As for the Glass-Steagall bill passed at the President’s request to “broaden the base of Federal Reserve credit,” its Senate sponsor hotly pointed out that only 39 “limping” banks out of 7,600 have been “insignificantly” aided by this feature of the law.

Senator Glass hotly denied the President’s Des Moines statement that the country was within two weeks of going off the gold standard. Recalling that the Treasury sold nearly $4,000,000,000 worth of short-term Federal obligations payable in gold during the first half of 1932, the Senator declared: “If the President and the Secretary of the Treasury had knowledge that this country was faced with imminent disaster by being ‘driven off the gold standard in two weeks’ and failed to so advise the banks and private investors who purchased these Federal securities, they were guilty of amazing dishonesty: they were cheating the investing public.” Relief? The Democrats forced the Administration to act by bringing forth the Wagner bill. Economy? Congress cut $334,000,000 from the President’s own estimates over the loud protests of his Cabinet. Budget? It is still unbalanced despite the President’s “breathless rush to the Capitol to get publicity.” Bonus? It was specifically voted down at the Democratic national convention. The Garner “loans-to-all” bill?

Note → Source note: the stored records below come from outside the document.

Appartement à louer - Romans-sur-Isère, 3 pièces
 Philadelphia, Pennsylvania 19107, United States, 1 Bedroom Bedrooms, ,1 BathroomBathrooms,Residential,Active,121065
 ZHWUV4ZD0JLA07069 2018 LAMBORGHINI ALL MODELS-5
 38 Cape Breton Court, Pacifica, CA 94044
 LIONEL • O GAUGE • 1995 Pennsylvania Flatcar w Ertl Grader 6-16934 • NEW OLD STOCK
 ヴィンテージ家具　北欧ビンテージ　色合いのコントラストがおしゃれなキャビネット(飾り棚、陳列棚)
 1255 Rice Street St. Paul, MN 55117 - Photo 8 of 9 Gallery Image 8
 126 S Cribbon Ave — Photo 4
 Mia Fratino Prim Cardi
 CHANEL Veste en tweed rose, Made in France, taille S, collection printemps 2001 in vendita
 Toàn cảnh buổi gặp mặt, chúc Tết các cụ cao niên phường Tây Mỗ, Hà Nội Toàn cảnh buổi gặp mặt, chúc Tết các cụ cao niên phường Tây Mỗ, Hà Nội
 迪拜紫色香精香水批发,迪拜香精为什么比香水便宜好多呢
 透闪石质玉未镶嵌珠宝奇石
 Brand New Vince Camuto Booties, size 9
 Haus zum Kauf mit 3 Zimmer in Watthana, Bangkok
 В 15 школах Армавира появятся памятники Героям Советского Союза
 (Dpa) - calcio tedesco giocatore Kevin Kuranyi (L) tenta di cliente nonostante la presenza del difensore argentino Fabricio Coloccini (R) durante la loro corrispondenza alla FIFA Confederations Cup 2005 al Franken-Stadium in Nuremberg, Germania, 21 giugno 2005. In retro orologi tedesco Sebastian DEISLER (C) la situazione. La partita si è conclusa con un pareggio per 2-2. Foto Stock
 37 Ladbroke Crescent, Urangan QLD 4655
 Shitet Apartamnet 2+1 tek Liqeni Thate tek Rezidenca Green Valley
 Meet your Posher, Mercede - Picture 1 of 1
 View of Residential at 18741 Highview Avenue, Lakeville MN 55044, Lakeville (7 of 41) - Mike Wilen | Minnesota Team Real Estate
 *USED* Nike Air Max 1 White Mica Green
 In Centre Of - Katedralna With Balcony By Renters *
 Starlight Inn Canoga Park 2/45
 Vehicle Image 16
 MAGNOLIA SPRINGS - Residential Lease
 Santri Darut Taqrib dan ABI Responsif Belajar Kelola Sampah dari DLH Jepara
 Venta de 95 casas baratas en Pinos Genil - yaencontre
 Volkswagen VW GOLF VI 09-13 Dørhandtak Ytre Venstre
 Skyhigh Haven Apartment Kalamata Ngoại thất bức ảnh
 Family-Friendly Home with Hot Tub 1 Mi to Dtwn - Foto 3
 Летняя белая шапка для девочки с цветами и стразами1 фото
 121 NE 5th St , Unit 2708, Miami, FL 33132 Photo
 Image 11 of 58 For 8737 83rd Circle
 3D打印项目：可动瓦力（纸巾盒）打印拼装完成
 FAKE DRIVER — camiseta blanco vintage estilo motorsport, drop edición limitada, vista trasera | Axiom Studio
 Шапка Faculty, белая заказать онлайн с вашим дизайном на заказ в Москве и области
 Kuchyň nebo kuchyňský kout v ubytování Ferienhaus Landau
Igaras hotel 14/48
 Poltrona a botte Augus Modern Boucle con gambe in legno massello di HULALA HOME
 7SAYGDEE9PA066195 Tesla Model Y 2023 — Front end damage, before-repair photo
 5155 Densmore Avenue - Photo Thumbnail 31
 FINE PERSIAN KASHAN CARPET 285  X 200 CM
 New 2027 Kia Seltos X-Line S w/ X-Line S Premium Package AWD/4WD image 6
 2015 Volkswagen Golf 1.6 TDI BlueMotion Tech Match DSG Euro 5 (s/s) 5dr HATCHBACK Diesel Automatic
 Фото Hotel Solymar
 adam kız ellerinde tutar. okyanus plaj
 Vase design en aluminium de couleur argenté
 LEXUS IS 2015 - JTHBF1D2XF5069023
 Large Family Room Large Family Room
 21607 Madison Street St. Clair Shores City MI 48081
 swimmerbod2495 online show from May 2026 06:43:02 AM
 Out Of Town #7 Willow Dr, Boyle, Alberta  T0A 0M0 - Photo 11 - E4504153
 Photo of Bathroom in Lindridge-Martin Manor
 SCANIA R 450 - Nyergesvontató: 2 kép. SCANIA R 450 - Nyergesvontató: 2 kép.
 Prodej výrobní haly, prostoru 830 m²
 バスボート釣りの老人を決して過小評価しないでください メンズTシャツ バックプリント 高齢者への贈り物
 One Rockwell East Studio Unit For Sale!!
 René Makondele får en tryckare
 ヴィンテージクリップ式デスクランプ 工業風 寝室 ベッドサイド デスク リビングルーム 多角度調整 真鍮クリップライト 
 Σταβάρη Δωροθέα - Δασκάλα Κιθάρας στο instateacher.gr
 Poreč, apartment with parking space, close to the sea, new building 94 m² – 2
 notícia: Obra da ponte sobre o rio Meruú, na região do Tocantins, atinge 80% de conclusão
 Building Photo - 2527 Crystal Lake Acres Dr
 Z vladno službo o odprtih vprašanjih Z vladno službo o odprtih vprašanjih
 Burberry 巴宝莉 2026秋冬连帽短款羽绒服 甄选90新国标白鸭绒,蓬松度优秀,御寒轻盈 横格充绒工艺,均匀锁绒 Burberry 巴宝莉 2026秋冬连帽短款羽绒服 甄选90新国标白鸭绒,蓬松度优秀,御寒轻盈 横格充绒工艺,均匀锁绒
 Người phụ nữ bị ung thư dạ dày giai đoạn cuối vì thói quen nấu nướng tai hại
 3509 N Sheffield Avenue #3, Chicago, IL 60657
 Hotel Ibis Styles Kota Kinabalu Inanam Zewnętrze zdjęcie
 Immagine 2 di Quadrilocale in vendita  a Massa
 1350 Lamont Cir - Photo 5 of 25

President Hoover wanted to authorize R. F. C. loans to private industries and named an automobile corporation whose head contributed $25,000 to his campaign fund as a likely recipient.

Secretary of the Treasury Mills, No. 1 Hoover stumpster. procured an advance press copy of the Glass speech, engaged radio time immediately following to make a partisan retort. Hearing of this Senator Glass concluded his speech by declaring that Secretary Mills had obtained his copy “by some means which involves a breach of confidence disdained by every honorable newspaper man,” and adding:

“If he prefers the backstairs method of controversy he is at liberty to make that choice. I prefer to keep my rapier clean and play the game as gentlemen in their code of ethics require.”

Secretary Mills, fagged by a long campaign, insisted that there was nothing unethical in the manner of his reply, the gist of which was: “It is so easy to be wise after the event.”